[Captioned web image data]
• • •

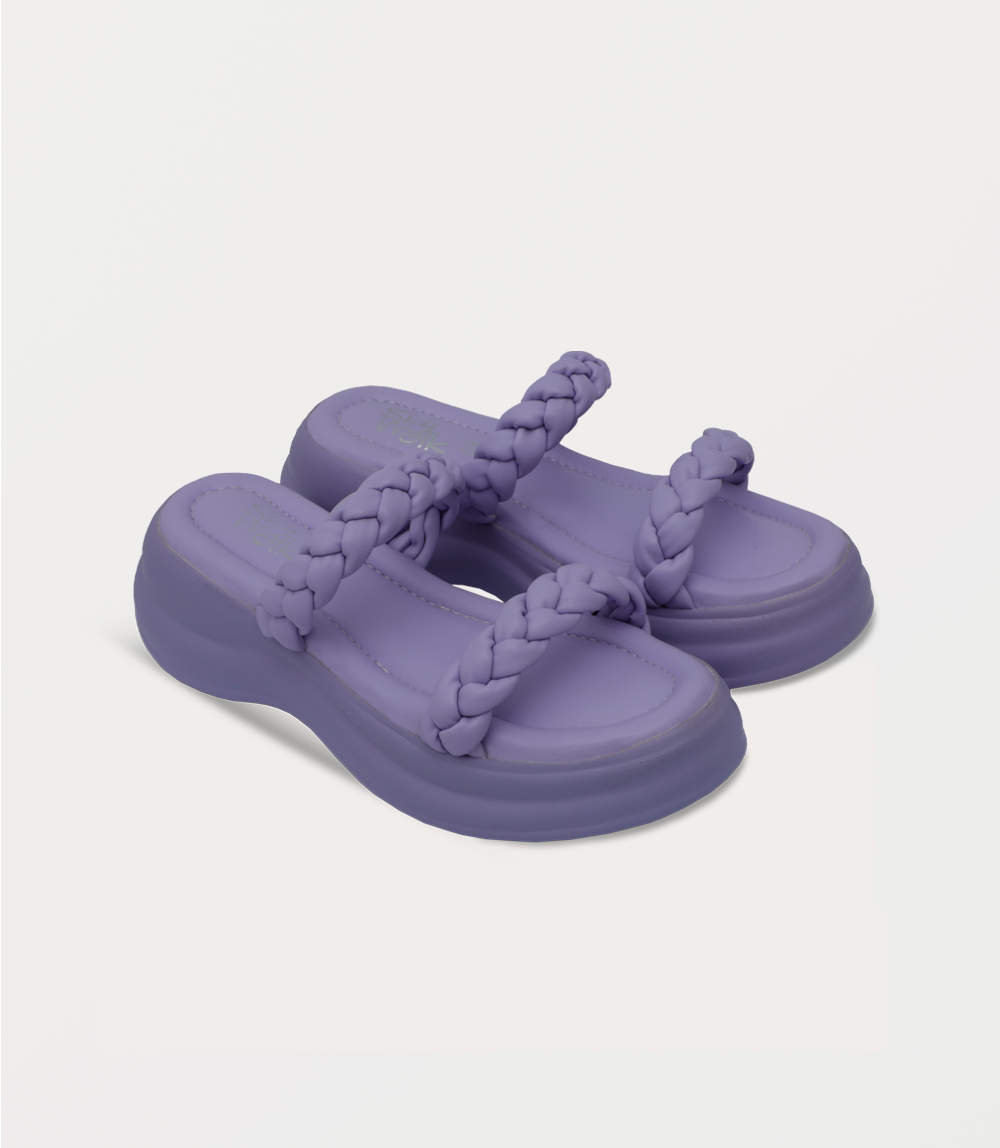 LILAC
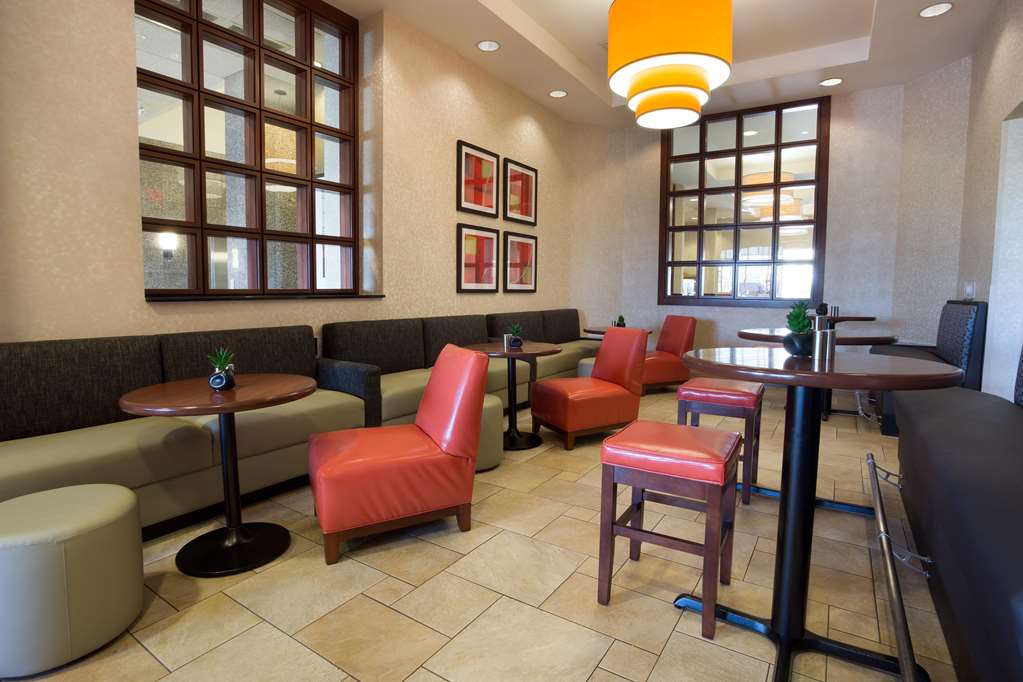 Drury Inn & Suites Columbus Grove City - photo 9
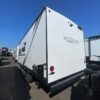 2025-Dutchmen-Kodiak-Ultra-Lite-201QB-Travel-Trailer-Stock-K6012-on-sale-at-Poulsbo-RV-2.jpg 2025 Dutchmen Kodiak Ultra-Lite 201QB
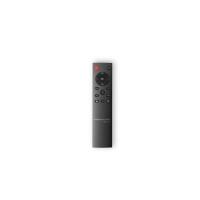 Product 8 image
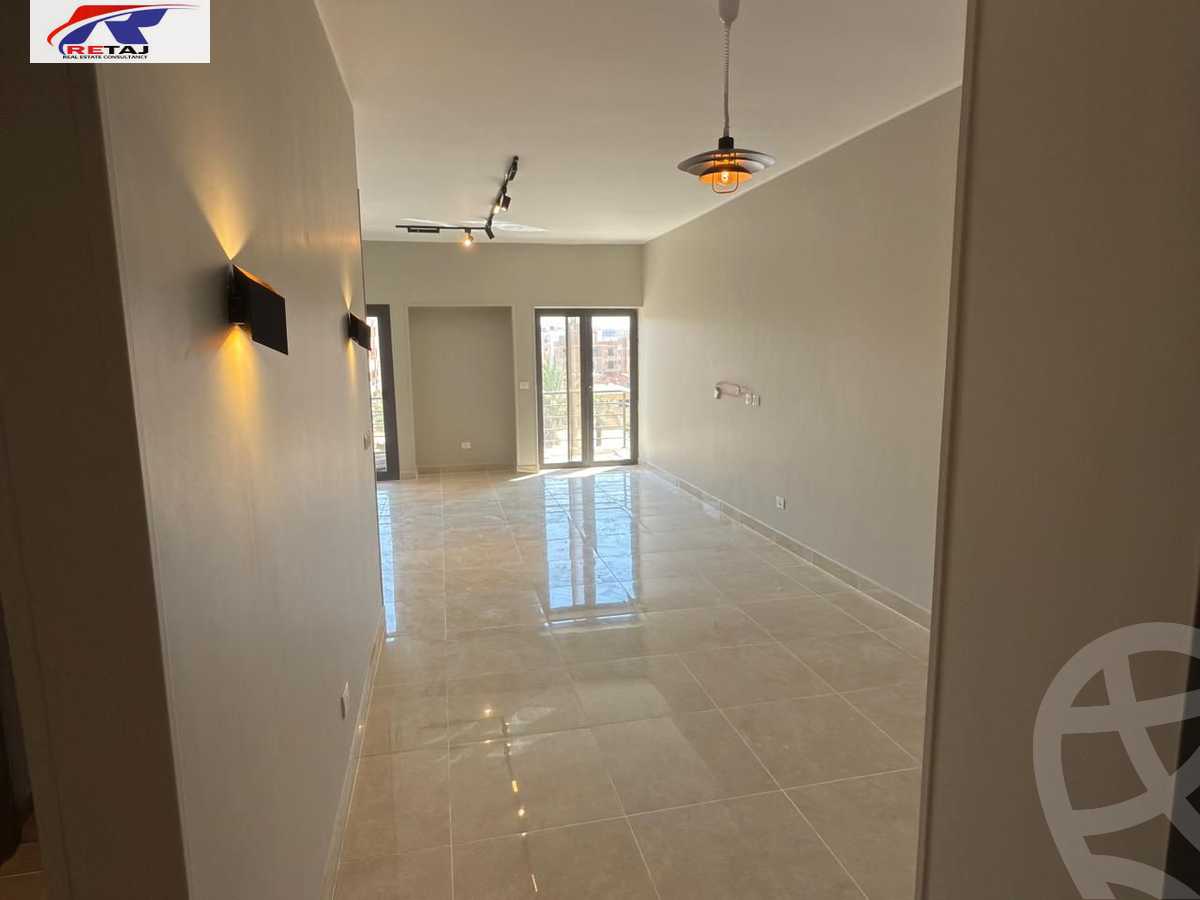 https://aqarmap.com.eg/en/listing/6051194-for-rent-cairo-new-cairo-compounds-fifth-square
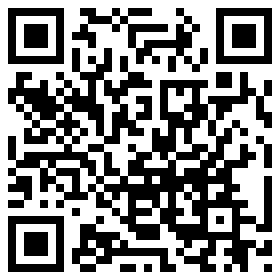 qrcode für Lappkabel ÖLFLEX HEAT 180 GLS - LAPP 4G1 Aderleitung 4G1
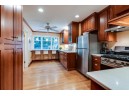 2515 Norwood Pl, Madison, WI 53726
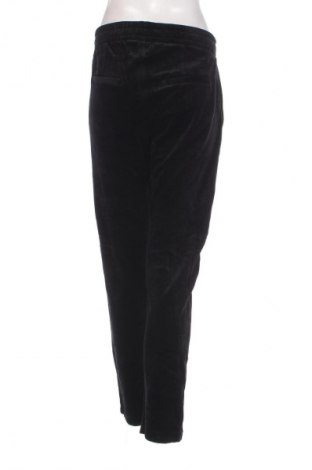 Pantaloni de femei ENNA, Mărime M, Culoare Negru, Preț 28,99 Lei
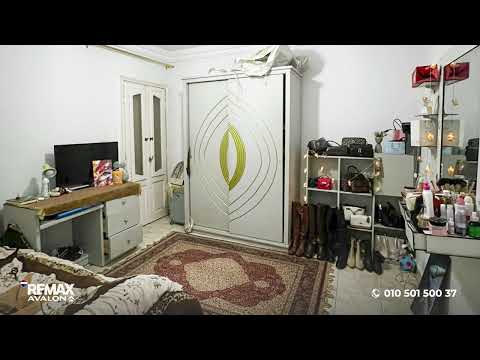 صورة مصغرة لفيديو العقار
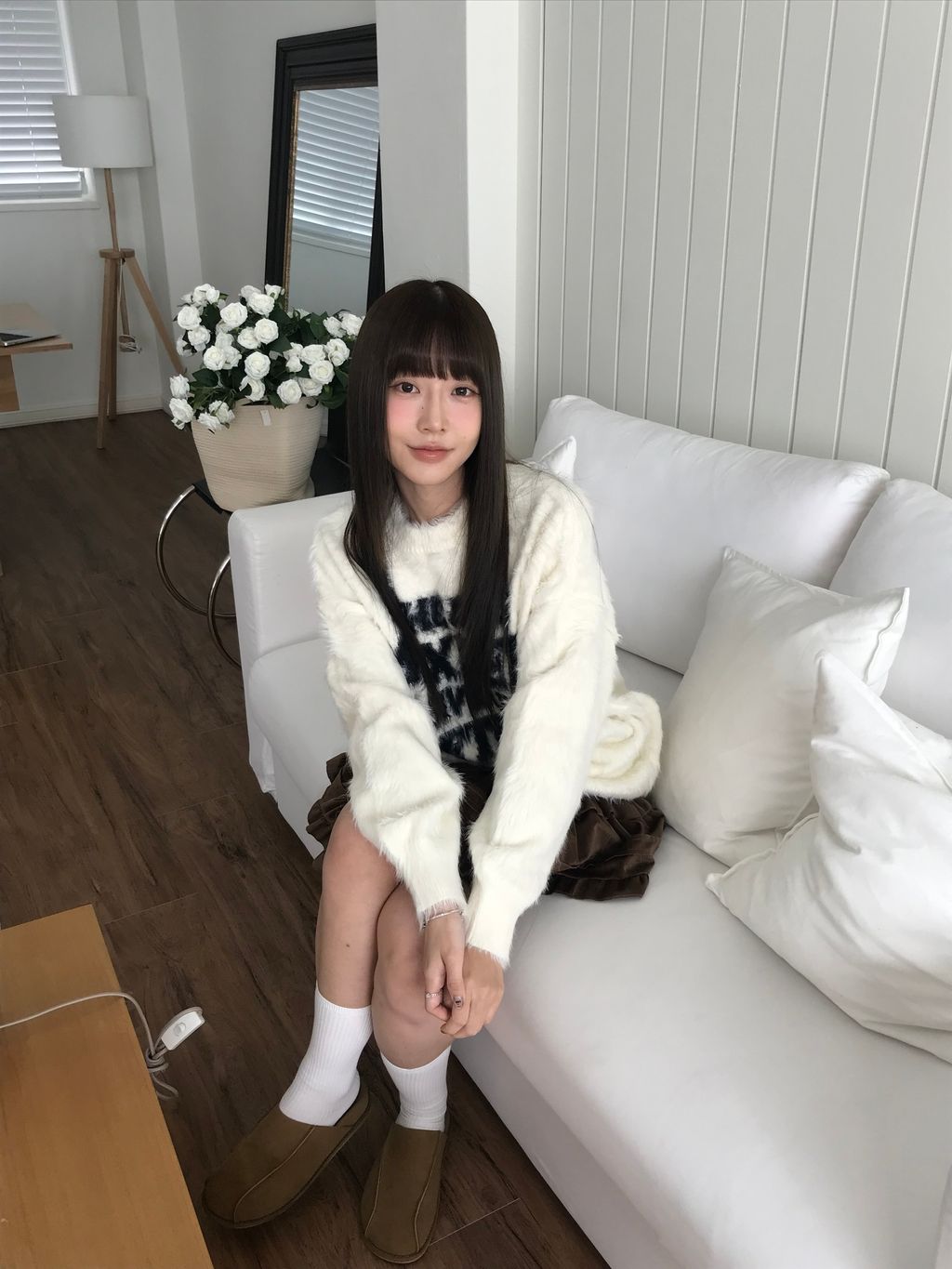 IMG_9469-1733041593558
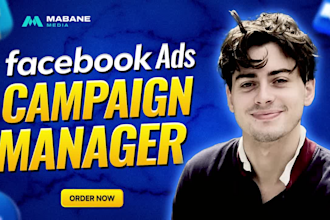manage your facebook instagram meta ads with ugc included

• • •

Would you reproduce, exactly and with nothing added, every line from the beginning of the entries above through the line that contains "qrcode für Lappkabel", both included, leaving out the pictures?

FINAL ANSWER –
 LILAC
 Drury Inn & Suites Columbus Grove City - photo 9
 2025-Dutchmen-Kodiak-Ultra-Lite-201QB-Travel-Trailer-Stock-K6012-on-sale-at-Poulsbo-RV-2.jpg 2025 Dutchmen Kodiak Ultra-Lite 201QB
 Product 8 image
 https://aqarmap.com.eg/en/listing/6051194-for-rent-cairo-new-cairo-compounds-fifth-square
 qrcode für Lappkabel ÖLFLEX HEAT 180 GLS - LAPP 4G1 Aderleitung 4G1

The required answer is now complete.